*Exercise description:*
Report how many lines in the data include the string "background", and add nothing else.

*** Begin section ***

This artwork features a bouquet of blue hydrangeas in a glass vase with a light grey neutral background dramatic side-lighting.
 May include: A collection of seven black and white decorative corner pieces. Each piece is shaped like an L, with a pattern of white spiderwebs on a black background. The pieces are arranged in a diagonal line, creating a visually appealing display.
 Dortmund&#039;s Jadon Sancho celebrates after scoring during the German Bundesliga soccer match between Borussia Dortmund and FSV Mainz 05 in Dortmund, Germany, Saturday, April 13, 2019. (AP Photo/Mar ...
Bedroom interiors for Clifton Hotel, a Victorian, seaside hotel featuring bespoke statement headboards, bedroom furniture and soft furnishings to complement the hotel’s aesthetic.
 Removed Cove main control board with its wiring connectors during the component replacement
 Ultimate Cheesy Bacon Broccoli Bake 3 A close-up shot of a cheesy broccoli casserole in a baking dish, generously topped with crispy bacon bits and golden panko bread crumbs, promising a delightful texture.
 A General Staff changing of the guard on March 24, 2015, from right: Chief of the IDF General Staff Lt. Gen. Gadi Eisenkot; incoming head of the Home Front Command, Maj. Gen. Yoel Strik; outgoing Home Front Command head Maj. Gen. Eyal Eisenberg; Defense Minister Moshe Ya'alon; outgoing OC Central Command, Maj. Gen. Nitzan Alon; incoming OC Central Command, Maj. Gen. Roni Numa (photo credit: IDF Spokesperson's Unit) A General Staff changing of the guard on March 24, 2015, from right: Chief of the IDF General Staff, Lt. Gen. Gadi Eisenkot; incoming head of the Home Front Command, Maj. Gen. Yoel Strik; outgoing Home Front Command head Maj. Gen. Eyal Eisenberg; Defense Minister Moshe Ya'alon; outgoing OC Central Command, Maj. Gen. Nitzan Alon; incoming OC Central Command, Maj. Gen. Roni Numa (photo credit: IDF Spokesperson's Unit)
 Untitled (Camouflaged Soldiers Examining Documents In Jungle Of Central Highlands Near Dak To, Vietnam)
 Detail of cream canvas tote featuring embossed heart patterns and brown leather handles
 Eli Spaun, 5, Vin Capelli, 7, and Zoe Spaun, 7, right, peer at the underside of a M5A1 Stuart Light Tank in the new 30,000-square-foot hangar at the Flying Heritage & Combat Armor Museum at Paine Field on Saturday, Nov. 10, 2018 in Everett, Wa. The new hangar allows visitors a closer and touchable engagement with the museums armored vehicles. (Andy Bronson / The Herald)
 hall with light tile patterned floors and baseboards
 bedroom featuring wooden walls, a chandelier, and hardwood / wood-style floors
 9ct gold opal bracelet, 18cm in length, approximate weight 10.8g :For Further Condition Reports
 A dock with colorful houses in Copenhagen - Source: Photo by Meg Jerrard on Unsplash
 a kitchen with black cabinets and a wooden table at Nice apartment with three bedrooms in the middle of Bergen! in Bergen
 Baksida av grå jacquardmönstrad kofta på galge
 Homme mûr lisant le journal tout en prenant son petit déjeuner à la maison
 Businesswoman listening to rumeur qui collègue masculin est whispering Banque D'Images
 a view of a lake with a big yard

*** End section ***

*Answer box:*
2